The task
Here the answer must be the exact run of lines from the line holding "Vintage Coach White" to the end of the material below, and nothing else.

[Opening Information shown section]

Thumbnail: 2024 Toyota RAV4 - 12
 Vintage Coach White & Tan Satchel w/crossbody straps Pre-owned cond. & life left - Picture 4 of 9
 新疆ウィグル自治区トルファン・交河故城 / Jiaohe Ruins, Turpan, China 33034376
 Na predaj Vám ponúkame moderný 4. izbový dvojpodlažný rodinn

[Closing Information shown section]

Answer box
 Vintage Coach White & Tan Satchel w/crossbody straps Pre-owned cond. & life left - Picture 4 of 9
 新疆ウィグル自治区トルファン・交河故城 / Jiaohe Ruins, Turpan, China 33034376
 Na predaj Vám ponúkame moderný 4. izbový dvojpodlažný rodinn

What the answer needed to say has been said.